In 1999, a professor of psychology at the University of Illinois, Dan Simons, and a colleague, Chris Chabris published the result of a study on selective attention. They coined the phrase “inattentional blindness.” They asked subjects to watch a video of six people passing two basketballs. One team was dressed in white shirts and the other team was dressed in black shirts. The subjects were instructed to count how many times the three players wearing white shirts passed the basketball while ignoring players wearing black as they passed their own ball. In the middle of the video, a person wearing a gorilla suit walked into the picture, beat its chest and walked off. They found that 50% of the subjects failed to notice the person in the gorilla suit.
This phenomenon has often been cited by attorneys questioning witnesses to a crime. It is been proven over and over that at least 50% of the time, the viewers of an activity, especially a fast moving activity, like a crime, don’t remember seeing what was right in front of them.
So how does this affect your interviewing? Well, it’s really quite simple. You need to be aware that any interviewing or hiring authority has a number of key issues they are “watching” for. These issues can range anywhere from looking for a particular type of experience all the way to trying to avoid someone who has had too many jobs, lives far away from the place of employment, or doesn’t have a degree.

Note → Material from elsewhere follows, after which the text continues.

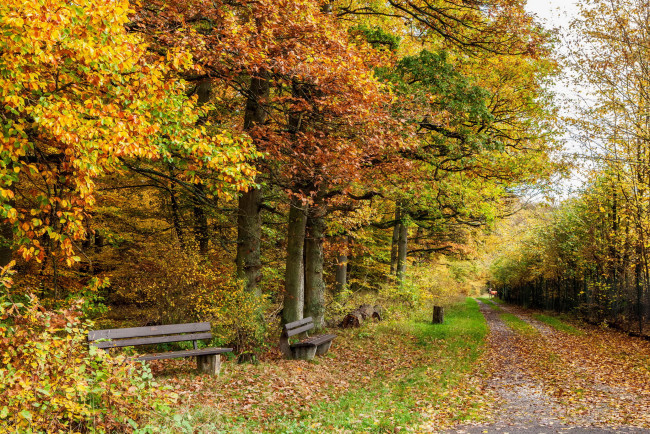 Обои картинки фото германия, клоттен, природа, парк, осень, деревья, скамейки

Candidates can do the same thing. They will often tell us they want to “avoid” one or two particular issues they think had something to do with the “bad experience” they just had at the company they are leaving or have left. For instance, candidates who had to leave a small company for any reason tell us they want to go to work for a big company with stability. They think there is more stability in larger companies than there is in smaller ones. Candidates simply want to avoid what they think just burned them.
What happens to both parties in situations like this is that they will focus their attention so much on what they want to try to avoid that they miss the “gorrilla.”

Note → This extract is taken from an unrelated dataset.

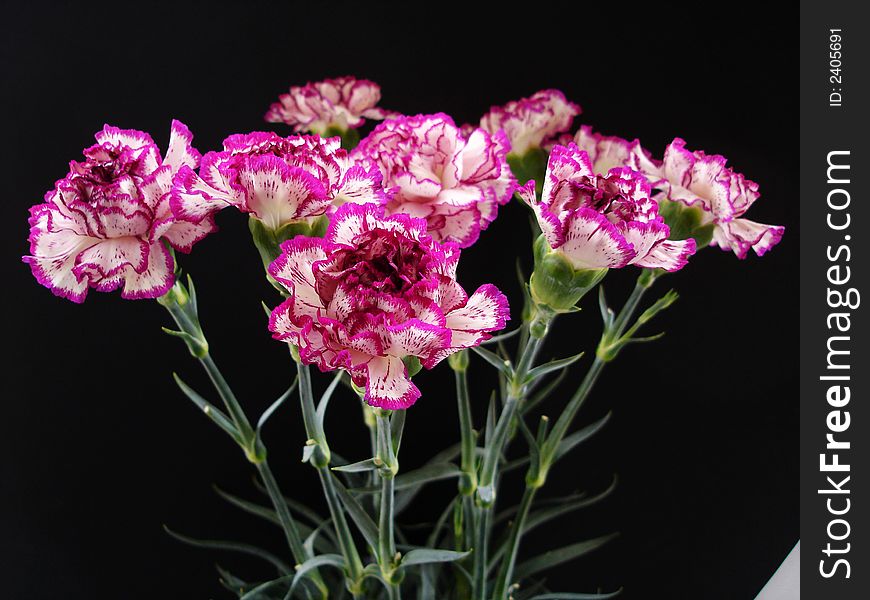 Purple and Cream Carnations on Black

I can’t tell you the number of interviewing and hiring authorities who have missed understanding a very important part of a candidates experience or background… the part that could really help them… because they got hung up on focusing on one or two aspects of the candidate they were concerned about. We have candidates who will get so focused on one or two issues of a company, a job or a hiring authority that they miss important qualities of the company.

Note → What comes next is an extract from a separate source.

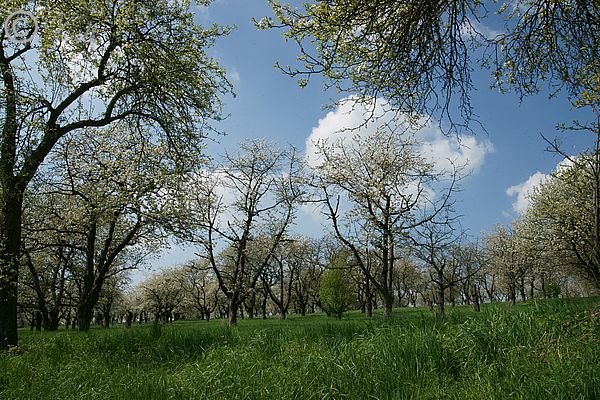 blühende alte Streuobstwiese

As a candidate, you need to realize if you have any risk factors like being out of work for an extended period of time, having had three jobs in three years, being fired, etc., a hiring authority is going to automatically focus on that issue and there’s a good chance they will not see the qualities or experience that make you a good candidate. By knowing this, you will be able to emphasize those strengths and qualities so that the hiring authority will see them.
Know what your risk factors are in the eyes of the hiring authority. Realize they may get so focused on those, they don’t see the reasons you are a quality candidate. Don’t be a victim of inattentional blindness.